The problem — largely caused by a lack of affordable housing and skyrocketing housing costs — is exacerbated by recent wildfires that left tens of thousands of northern Californians homeless. When last month’s Camp Fire leveled the town of Paradise, it displaced upward of 20,000 people, while last year’s Napa and Sonoma fires destroyed or damaged almost 10,000 homes.
As they often do in hard times, houses of worship stepped in. In Chico, a hub for Paradise refugees, churches have opened their buildings and parking lots as temporary shelters.
But while those churches have been lauded, congregations in other areas that open their parking lots to those they sometimes refer to as “vehicle residents” face hurdles and hostility. Many Bay Area municipalities, including the tech centers of San Francisco and San Jose, have outlawed sleeping in a car parked on the street overnight, while neighbors speak out against having the homeless next door.
Some residents of Mountain View, 11 miles north of Saratoga and home to Google, vehemently opposed the expansion of “Lots of Love,” a safe-parking program, from two local churches to three. The opposition led the third church to bow out of the program.
And in Los Angeles, where advocates for the homeless estimate that 9,000 residents live in their cars, the faith-based founders of Safe Parking L.A. thought they would have no trouble enlisting congregations.
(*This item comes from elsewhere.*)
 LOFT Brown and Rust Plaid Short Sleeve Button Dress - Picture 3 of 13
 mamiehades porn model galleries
But to date, they have only two.
“Faith organizations have a misperception about who we are attracting,” said Scott Sale, who co-founded Safe Parking L.A. with leaders from churches and synagogues. “They are people just like you and me. Ninety-nine percent of the people we work with are not criminals and never were.”
Sale now woos potential faith-based partners to St. Mary’s Episcopal Church in Koreatown, where 15 spaces are given to vehicle residents nightly.
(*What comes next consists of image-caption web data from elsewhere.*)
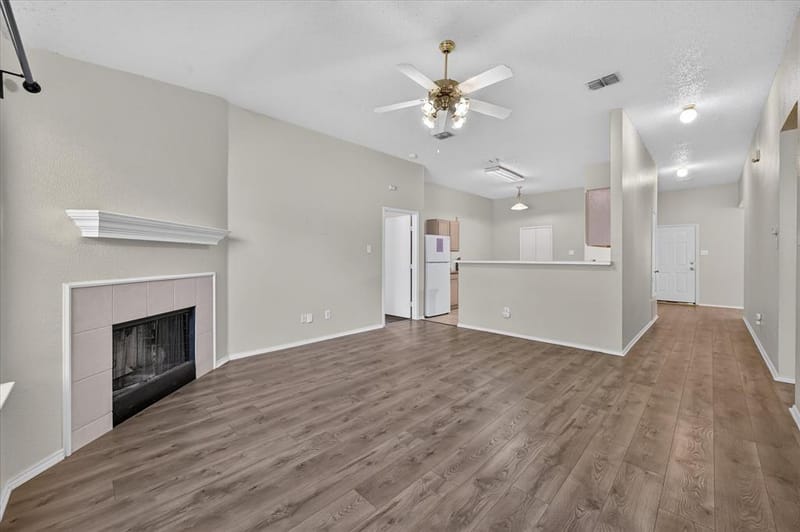 844 Canyon Cove Drive, Burleson TX 76028 - Photo 8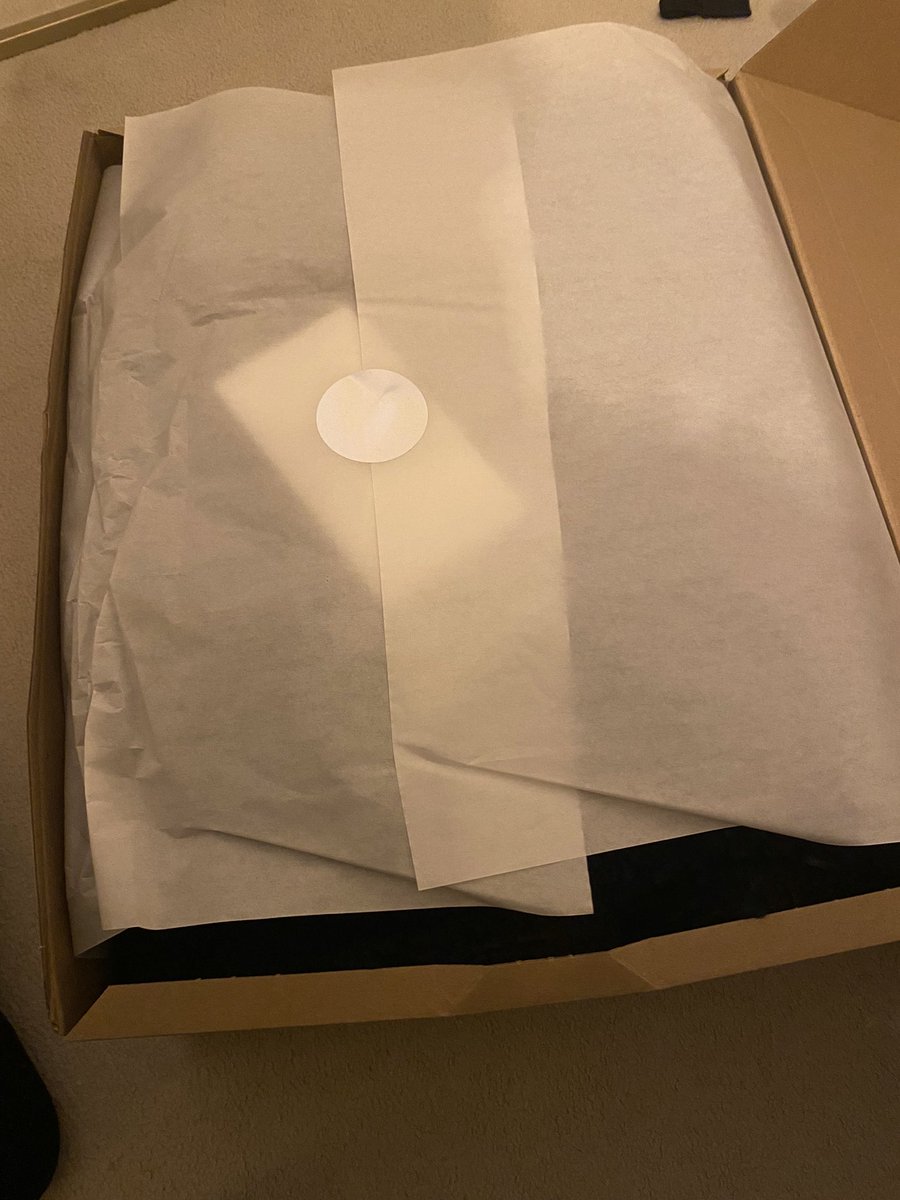 DYDaley's tweet photo. @ZARA_Care I’m sure I paid for gift wrapping… this doesn’t appear to be gift wrapped! https://t.co/EhtgVCm6JV
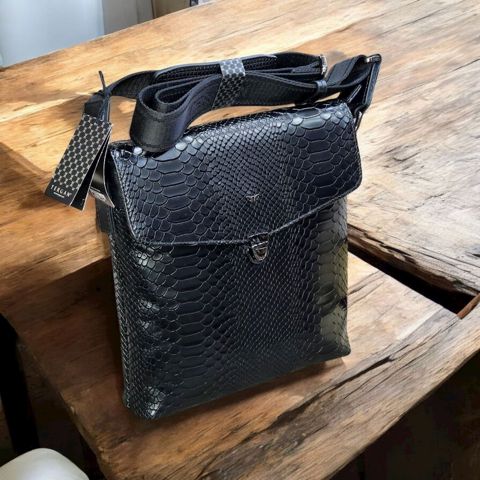 Dəri kross-bodi çanta kişilər üçün Tergan_21516_Black-Python — 213.84 ₼ · Bakı · Mallar Dəri kross-bodi çanta kişilər üçün Tergan_21516_Black-Python — Bakı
“We have to go slowly,” he said.
Other safe-parking programs have had a smoother route. Santa Barbara’s New Beginnings Safe Parking Program launched in 2004 with a handful of spaces and has expanded to 24 lots with 133 spaces; 13 of the lots belong to houses of worship.
“Our program has been very successful by just being quiet,” program director Cassie Roach said. “Most of our lots have just four or six [safe parking] spaces, so you can walk by the lots every night and have no idea they are there.”
Faith-based groups running safe-parking programs from San Diego to Seattle include Christian, Catholic, Jewish, Muslim and Mormon partners. A multifaith group in Oakland, where homelessness has grown 25 percent since 2015, just received a $300,000 city grant to start a safe-parking program in early 2019.
“Our Gospel tells us to welcome the stranger, to take care of the widows and orphans,” said Karina O’Malley, the safe-parking coordinator at Lake Washington United Methodist Church in Kirkland. “To me, it is such a gift to the congregation because proximity is the thing that is so desperately needed to awaken our souls and is so hard to get. It just enriches our experience of what needs to be happening in the world.”
Lake Washington’s program is for women and children only. Some are fleeing domestic violence; some lost their homes after a debilitating illness; some are simply priced out of the housing market. There are women-only lots in Mountain View, San Jose and Santa Barbara.
Sara Rankin is the director of the Homeless Rights Advocacy Project at Seattle University School of Law, a Jesuit school, and author of a report on faith-based safe-parking programs. She said no one is certain how many of these programs exist but they seem to be limited to the West Coast, where temperatures seldom dip below freezing.
“Virtually every religion has some sort of focus on ministering to the poor,” she said. “But it is a head-scratcher to me how so many faith communities have issues not just with vehicle residents, but also immigrants and refugees. We are not always consistent in what we profess our faith to be and what that faith compels us to do.”